Brexit figurehead Boris Johnson will look to cement his stranglehold of the UK leadership race Wednesday after emerging unscathed from a TV debate against his four remaining rivals.
The former foreign minister kept his cool and made no evident stumbles in a showdown that followed a second-round ballot in which he grabbed more votes than his three nearest challengers combined.
Johnson had ducked out of the first TV debate on Sunday and has carefully stage-managed his media engagements in a contest that remains his to lose.
He cast himself Tuesday as the one politician able to bring Britain successfully out of the European Union and therefore deliver the Brexit that UK voters called for three years ago.
“We must come out on October 31 because otherwise I’m afraid we face a catastrophic loss of confidence in politics,” said Johnson in the hour-long BBC question-and-answer session with voters.
“I think the British people are thoroughly fed up.”
But neither he nor the others raised their hands when asked by the BBC to do so if they could “guarantee” that Brexit will happen by October 31.
The field will narrow to four when the 313 Conservatives party lawmakers in the lower House of Commons hold their third secret ballot on Wednesday.
Tuesday’s surprisingly even-tempered debate did little to alter a growing sense that Johnson would need to make an error of monumental proportions not to win at this stage.
The Guardian newspaper called Johnson’s performance “sober and sensible”.
“Still the clear front-runner, still almost certainly the next PM,” it wrote.
Johnson picked up 126 of the 313 Conservative MPs’ votes cast Tuesday.
Foreign Minister Jeremy Hunt won 46 votes and environment minister Michael Gove 41.
Moderate international development minister Rory Stewart continued his against-the-odds challenge by nearly doubling his support base to 37.
Interior minister Sajid Javid scraped through with exactly the 33 required to make the third round.
Britain is frantically searching for a leader after Prime Minister Theresa May stepped down last month over her repeated failure to deliver Brexit on time.
Her successor will be saddled with both resolving Britain’s deepest political crisis in generations and setting the terms of how it deals with the rest of Europe for decades to come.
An additional two rounds of voting will whittle the list of contenders down to just two on Thursday.
The finalists will face the ruling party’s 160,000 grassroots members in a vote next month to decide who wins.
Johnson’s lead is so substantial that some UK media say the others are simply fighting for a good spot in his future government.
Stewart fired the most direct barbs at Johnson on Tuesday by arguing that “no-deal is not a credible threat”.

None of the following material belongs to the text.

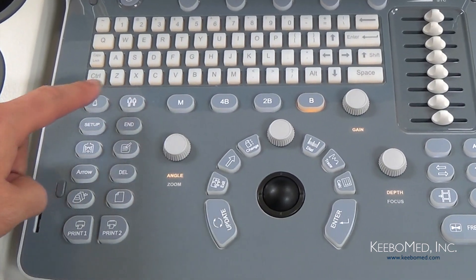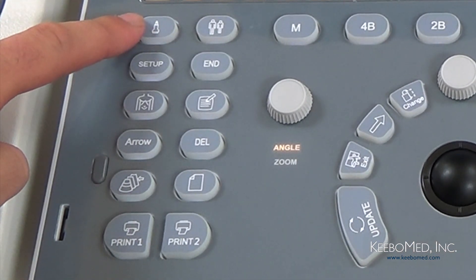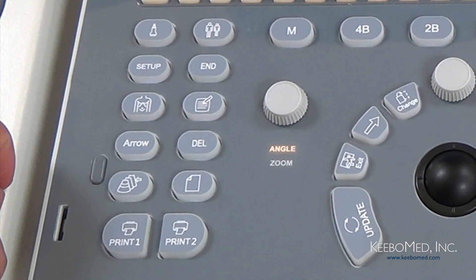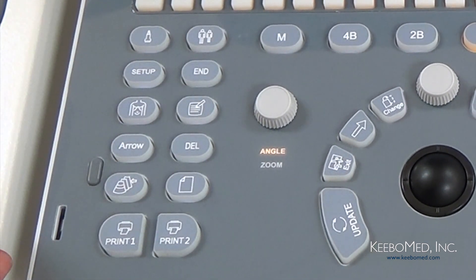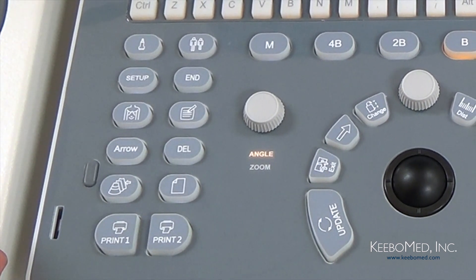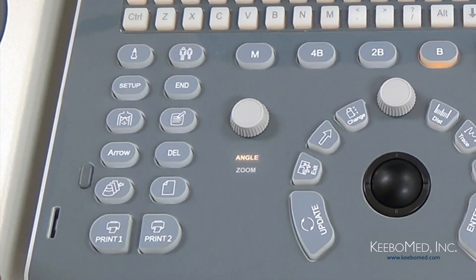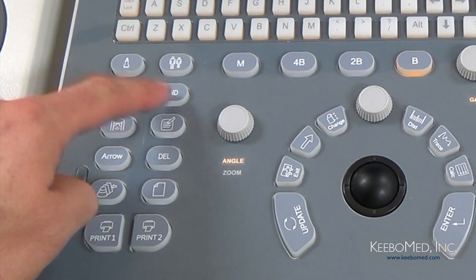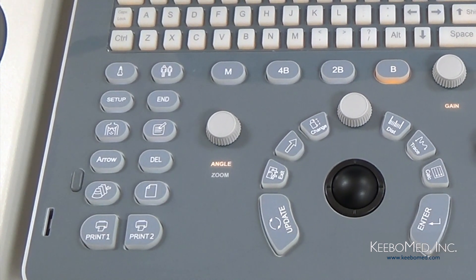Now let's look at the group of keys on the left side of the keyboard. First we have the Probe key, which allows you to switch between different probes and specific examinations for a selected probe. Next is the Patient key — pressing this allows you to set up new patient information such as name, gender, doctor, age, and other information. This is the Setup key, which allows access to and customizing of all the system settings. The N key is used when an exam is finished — it clears the screen for the start of a new exam.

Both Hunt and Gove repeated that a further delay may be required if a Brexit deal was within reach.
“If we were nearly there, then I would take a bit longer,” Hunt said.
But Javid said it was “fundamental” to get out by the new deadline no matter what.
Johnson has warned throughout that he is prepared to get Britain out of the European Union without an agreement – as long as it is done by the October 31 deadline.
But he has also called this tough talk a negotiating tactic designed to scare Brussels and force it to compromise on the nagging issue of the status of Irish border.
EU leaders have long ruled out re-opening the binding part of the agreement they all signed with May last year.
Only Stewart is openly trying to salvage May’s pact in the hope of pushing it through Britain’s splintered parliament on the fourth attempt.
The Daily Telegraph suggested that Stewart and Johnson had moved closer to a face-to-face showdown “after emerging as the big winners” from Tuesday’s vote and debate.